• Task objective
The required result is an exact copy of the material from the line with "Liz Mieses exige" through its final line, both ends included.

• Material provided
■ ■ ■
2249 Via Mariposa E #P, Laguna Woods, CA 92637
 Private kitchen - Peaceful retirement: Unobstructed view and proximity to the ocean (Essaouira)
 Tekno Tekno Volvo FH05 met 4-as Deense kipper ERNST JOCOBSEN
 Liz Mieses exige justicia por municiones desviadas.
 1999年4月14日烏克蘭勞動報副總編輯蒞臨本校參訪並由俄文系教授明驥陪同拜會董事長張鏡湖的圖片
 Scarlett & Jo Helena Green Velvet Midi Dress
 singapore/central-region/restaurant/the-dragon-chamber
■ ■ ■
• Your solution
 Liz Mieses exige justicia por municiones desviadas.
 1999年4月14日烏克蘭勞動報副總編輯蒞臨本校參訪並由俄文系教授明驥陪同拜會董事長張鏡湖的圖片
 Scarlett & Jo Helena Green Velvet Midi Dress
 singapore/central-region/restaurant/the-dragon-chamber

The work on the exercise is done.